The main players in the investment banking industry between them produced less total revenue last year – with a Coalition index estimate of $153.3 billion for the top 10 banks that handle most business. Coalition arrived at an estimate of $18.6 billion for the proportion of this amount that came from debt capital markets issuance, though other analysts have higher totals, with a report from Oliver Wyman and Morgan Stanley released in March pegging DCM revenues from a bigger pool of banks at $22 billion.
For most of the first quarter of this year, as concern mounted over emerging markets, then the Ukraine crisis, expectations were that DCM revenues for banks would at best hold flat to last year’s totals.
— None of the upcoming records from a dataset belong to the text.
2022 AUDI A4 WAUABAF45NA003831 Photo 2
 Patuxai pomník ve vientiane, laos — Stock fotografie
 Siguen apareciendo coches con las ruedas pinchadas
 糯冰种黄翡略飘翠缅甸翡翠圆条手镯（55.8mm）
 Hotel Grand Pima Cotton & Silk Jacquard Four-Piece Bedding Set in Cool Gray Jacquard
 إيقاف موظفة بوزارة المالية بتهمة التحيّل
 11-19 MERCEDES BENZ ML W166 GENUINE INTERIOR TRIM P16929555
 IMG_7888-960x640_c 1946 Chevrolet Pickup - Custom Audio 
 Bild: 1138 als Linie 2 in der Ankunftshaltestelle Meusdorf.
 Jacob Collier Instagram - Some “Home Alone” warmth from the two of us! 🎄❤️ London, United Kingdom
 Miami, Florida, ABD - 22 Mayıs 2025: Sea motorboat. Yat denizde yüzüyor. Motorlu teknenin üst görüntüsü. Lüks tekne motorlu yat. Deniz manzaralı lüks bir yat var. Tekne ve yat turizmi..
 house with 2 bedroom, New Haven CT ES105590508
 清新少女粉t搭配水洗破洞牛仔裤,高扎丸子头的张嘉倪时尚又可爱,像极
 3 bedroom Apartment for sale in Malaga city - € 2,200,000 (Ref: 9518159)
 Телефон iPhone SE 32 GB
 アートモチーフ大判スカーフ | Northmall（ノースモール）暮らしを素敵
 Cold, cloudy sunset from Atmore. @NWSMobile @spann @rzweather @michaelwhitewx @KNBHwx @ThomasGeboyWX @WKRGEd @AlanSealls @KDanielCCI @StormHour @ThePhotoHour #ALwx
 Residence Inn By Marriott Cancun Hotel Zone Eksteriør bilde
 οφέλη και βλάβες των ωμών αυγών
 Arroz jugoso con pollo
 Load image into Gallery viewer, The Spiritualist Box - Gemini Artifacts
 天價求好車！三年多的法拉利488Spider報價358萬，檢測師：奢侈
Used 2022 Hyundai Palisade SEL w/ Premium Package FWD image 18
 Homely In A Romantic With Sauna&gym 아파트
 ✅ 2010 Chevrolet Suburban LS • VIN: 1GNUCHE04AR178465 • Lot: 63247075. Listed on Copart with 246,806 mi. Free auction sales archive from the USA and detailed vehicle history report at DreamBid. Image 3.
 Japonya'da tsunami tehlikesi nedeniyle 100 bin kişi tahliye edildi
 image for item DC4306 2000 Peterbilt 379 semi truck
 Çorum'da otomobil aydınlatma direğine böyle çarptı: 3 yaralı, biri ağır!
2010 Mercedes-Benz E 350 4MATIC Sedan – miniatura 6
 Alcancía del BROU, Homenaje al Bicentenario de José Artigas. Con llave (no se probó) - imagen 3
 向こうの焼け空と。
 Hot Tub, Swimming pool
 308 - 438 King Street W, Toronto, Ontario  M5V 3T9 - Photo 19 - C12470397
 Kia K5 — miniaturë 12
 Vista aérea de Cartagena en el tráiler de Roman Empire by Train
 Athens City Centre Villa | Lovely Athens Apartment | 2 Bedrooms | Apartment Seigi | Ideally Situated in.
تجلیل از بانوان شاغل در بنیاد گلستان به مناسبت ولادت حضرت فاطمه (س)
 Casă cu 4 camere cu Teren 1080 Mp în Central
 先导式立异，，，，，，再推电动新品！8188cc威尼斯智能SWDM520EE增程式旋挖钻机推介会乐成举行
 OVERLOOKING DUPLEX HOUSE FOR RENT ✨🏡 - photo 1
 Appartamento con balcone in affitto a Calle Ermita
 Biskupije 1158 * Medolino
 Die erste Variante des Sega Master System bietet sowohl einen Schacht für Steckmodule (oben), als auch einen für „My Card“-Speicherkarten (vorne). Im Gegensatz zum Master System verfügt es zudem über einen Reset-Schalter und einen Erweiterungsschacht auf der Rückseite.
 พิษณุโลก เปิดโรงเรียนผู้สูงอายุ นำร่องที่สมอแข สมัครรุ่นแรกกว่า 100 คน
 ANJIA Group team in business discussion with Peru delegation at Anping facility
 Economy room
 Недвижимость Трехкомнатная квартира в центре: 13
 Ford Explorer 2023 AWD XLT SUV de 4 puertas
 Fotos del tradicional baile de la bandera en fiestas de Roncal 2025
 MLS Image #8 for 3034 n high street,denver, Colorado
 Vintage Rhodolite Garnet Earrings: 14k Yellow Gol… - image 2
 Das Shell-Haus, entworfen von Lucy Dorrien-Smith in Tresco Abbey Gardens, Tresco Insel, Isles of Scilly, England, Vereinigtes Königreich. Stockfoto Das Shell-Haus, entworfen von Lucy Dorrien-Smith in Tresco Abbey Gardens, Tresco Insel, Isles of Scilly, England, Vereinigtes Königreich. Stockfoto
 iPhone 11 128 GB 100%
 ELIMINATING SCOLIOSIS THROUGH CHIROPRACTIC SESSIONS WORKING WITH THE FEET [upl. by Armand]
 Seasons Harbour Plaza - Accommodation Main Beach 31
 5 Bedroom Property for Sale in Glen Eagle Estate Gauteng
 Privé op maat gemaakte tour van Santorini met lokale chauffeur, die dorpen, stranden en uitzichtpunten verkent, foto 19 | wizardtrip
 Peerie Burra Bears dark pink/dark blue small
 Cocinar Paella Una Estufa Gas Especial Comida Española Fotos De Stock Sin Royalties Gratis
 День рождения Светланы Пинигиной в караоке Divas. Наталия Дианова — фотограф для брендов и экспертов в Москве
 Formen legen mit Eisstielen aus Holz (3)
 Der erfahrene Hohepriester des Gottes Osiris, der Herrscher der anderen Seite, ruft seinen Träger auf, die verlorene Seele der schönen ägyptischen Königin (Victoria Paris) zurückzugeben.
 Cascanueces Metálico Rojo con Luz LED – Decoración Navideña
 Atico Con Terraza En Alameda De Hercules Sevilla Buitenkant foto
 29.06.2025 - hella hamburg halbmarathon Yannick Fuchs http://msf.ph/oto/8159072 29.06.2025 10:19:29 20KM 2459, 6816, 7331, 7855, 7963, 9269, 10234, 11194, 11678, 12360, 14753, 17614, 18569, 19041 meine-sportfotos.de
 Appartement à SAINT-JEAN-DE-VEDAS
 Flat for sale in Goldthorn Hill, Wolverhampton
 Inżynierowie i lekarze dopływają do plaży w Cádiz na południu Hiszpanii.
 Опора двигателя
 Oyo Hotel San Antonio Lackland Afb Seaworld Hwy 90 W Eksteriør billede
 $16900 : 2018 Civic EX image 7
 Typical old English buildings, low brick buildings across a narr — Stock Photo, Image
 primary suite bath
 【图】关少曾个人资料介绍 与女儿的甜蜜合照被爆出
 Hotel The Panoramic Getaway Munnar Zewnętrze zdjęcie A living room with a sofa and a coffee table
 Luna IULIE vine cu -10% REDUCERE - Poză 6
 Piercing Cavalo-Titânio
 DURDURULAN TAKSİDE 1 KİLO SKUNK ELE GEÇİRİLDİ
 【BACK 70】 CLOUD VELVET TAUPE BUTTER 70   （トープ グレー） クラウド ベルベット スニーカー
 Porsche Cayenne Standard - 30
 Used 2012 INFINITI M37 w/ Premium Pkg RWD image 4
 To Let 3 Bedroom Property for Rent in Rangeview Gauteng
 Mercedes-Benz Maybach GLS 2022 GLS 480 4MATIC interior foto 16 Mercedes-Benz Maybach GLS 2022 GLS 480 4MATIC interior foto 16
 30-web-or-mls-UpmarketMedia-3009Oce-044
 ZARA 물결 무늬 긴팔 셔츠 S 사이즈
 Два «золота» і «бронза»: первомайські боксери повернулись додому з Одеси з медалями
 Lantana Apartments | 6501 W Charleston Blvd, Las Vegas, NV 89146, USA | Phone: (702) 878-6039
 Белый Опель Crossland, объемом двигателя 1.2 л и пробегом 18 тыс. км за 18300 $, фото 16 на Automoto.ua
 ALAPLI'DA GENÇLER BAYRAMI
But unexpectedly strong issuance at the end of the quarter has been followed by renewed talk of jumbo deals, led by the Apple announcement on its earnings call on April 23, and an increase in M&A activity. Much of the potential merger-related issuance is in the sweet spot for deals that do not disrupt spread expectations for other more routine bond sales, by featuring borrowers that can raise substantial amounts of money without over-leveraging. And even the leveraged debt markets are performing strongly, as demand for a record-setting high-yield bond of almost $11 billion equivalent for Numericable demonstrated.
This could all combine to push DCM revenues comfortably above $20 billion this year, while credit trading revenues may match the $21 billion of 2013 (according to MS/Oliver Wyman). Flow credit trading revenues have been under pressure in recent years as dealers cut bond inventories and secondary market liquidity declined. But there are pockets of opportunity – Deutsche Bank posted stronger credit revenues than expected for the first quarter, in part due to distressed credit trading gains, for example. And single name credit default swap trading volumes are healthy.
Credit trading is at least proving resilient this year, compared with other fixed income areas such as rates and FX, where revenues are falling off a cliff. Banks will regret spoiling the nearest thing to a fixed income party if any corporate bond allocation abuses are eventually uncovered that put a dampener on the market for issuing and trading credit.